LEIGH: Ross, I think good policy making is about listening as much as it is about talking. We've heard the message from people about the concerns and the impact on pensioners. What we've said is that every pensioner will be able to benefit from cash refunds as well as allowees - people receiving parenting payment, Newstart and sickness allowance. It is a mark of the extent to which this particular tax concession goes to the wealthiest that this change takes about a quarter of the people who were originally affected out but still maintains 95 per cent of the revenue.

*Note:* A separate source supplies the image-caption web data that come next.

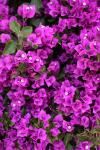 Bougainvillea With Purple Blossoms
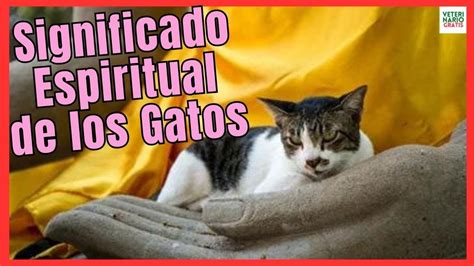 Descubre el fascinante significado espiritual detrás de los bigotes de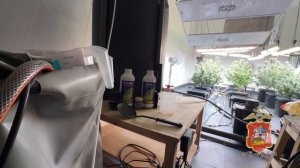 В подмосковной деревне Астрецово выявлена теплица для круглогодичного выращивания конопли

GREENWOOD: Okay. Does it mean you have to be a little careful also to watch the equity or fairness of this? Let's say for example, a person has worked all their life to become a self-funded retiree, they are not receiving a pension so they're just outside the threshold, the cut off around about $800,000 for a couple in assets outside their family home. That couple if you look at policy right now would probably give them an income on or around or even less than the aged pension for a couple, do you have to be a little careful to balance up the fairness of this system?

LEIGH: The advice that I've got on this is if you look at who is benefiting from the current system of cash refunds, 95 per cent of the imputation credits going to people over 65 are going to the wealthiest fifth of the population. This is a tax concession which is unique to Australia, no other country has it. And it's very heavily skewed to the most affluent.

GREENWOOD: I get that but the only problem is as I see it, the very affluent in our society - they might have been fortunate enough or worked hard, whatever it might be - those people could have technically spent their money and they could have come out and ended up below the thresholds of $800,000 and ended up with some part pension and also now the ability to keep any tax rebates back. What I'm trying to get at here is fairness and equity. It may very well be that you've got $1.2 million in your super fund but you've worked very hard to achieve that. You may be among the wealthiest one fifth in the nation but you may be also income poor. You may also find yourself paying a whole bunch more tax than somebody who is earning more than you and living on the aged pension. That's what I'm worried about in terms of fairness and equity in the system.

LEIGH: You're certainly speaking directly to my heart when you're speaking about issues of fairness and equity. There are two points to be made about the analysis you've given there. The first is that as I said before, this is a tax concession skewed towards the top. By closing it off we don't change the considerable tax advantages that are still available in superannuation - lower taxes on returns, no taxes on the money you're taking out of superannuation. No one pays more tax under our change, no one ends up having less in their super. The other thing is that superannuation is aimed to be spent down, it's not a way of passing on tax-preferred money to your kids, it is intended to be spent in order to provide for you in retirement. So the notion that retirees should draw on their capital as well as just live off their returns is a pretty reasonable one, it's what reasonable people would expect.

GREENWOOD: So in other words that's a reasonable point you make, because a person who might have let's say, this theoretical $1.2 million in their super fund living off the income which would give them the equivalent maybe a little bit more than the aged pension right now. If they actually start to dip into that super - $30,000, $40,000 a year - eventually that capital will come down. Once they get their assets below in today's terms $800,000 they start to pick up the age pension. So in other words, they start to pick up some of the benefits from the taxpayers?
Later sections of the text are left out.